_AIM OF THE EXERCISE_
Begin at the line containing "Lelo Soraya Wave" and restate it and each line after it exactly, up to and including the last line below. Leave pictures out.

※ ※ ※

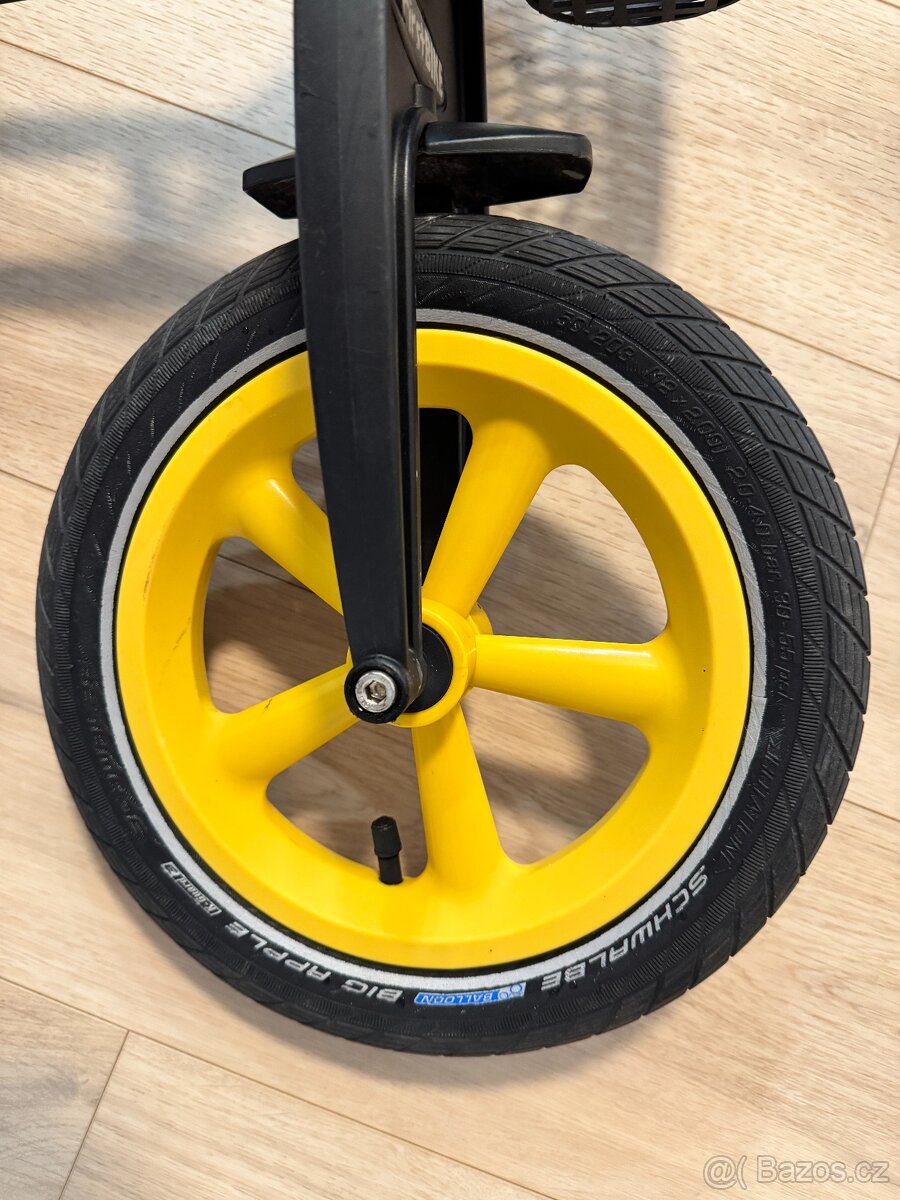 FirstBike Limited Edition Yellow - odrážedlo - 5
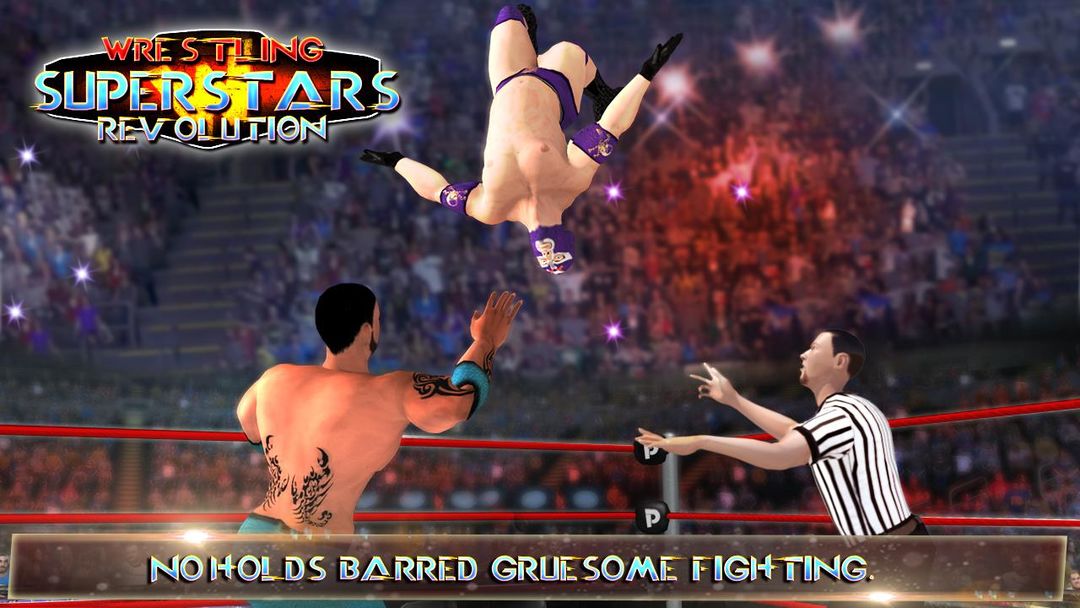 Wrestling Superstars Revolution - Wrestling Games ภาพหน้าจอเกม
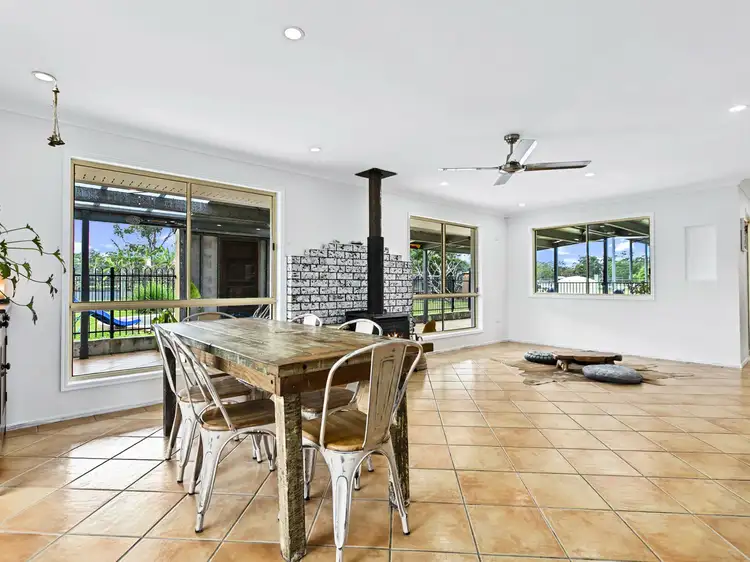 Second view of Homely rural property listing, 95 Wights Lane, Dunmora QLD 4650
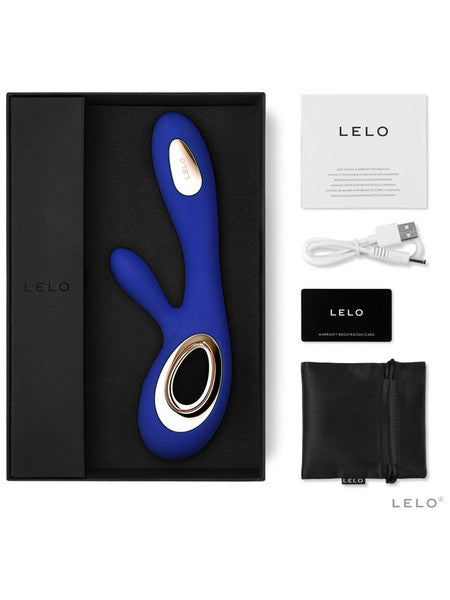 Lelo Soraya Wave Rabbit Vibrator  - Club X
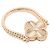 Van Cleef & Arpels Alhambra Reversible Guilloché 1P Diamantring - Ansicht 5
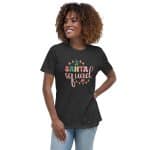 Women's Relaxed T-Shirt -  Santa Squad - Image 6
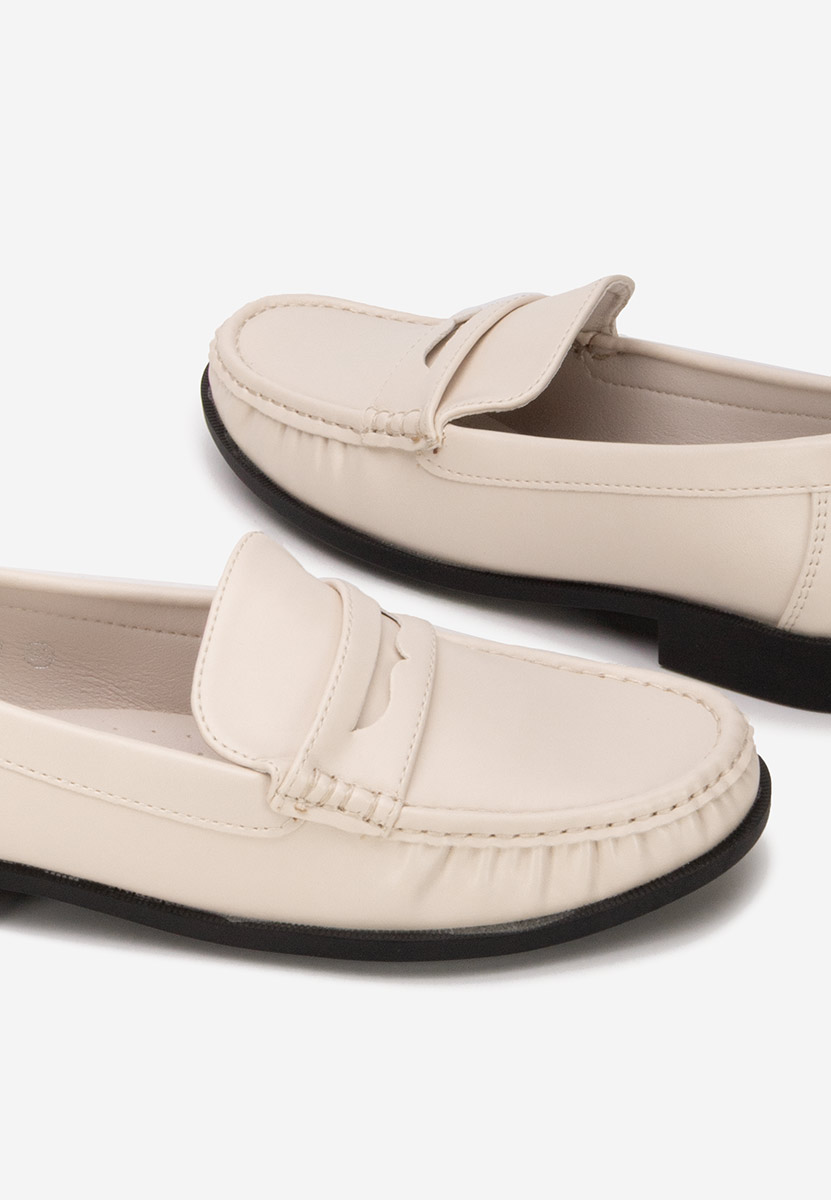 Ženske mokasinke Matildia bež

※ ※ ※

_THE ANSWER_
 Lelo Soraya Wave Rabbit Vibrator  - Club X
 Van Cleef & Arpels Alhambra Reversible Guilloché 1P Diamantring - Ansicht 5
 Women's Relaxed T-Shirt -  Santa Squad - Image 6
 Ženske mokasinke Matildia bež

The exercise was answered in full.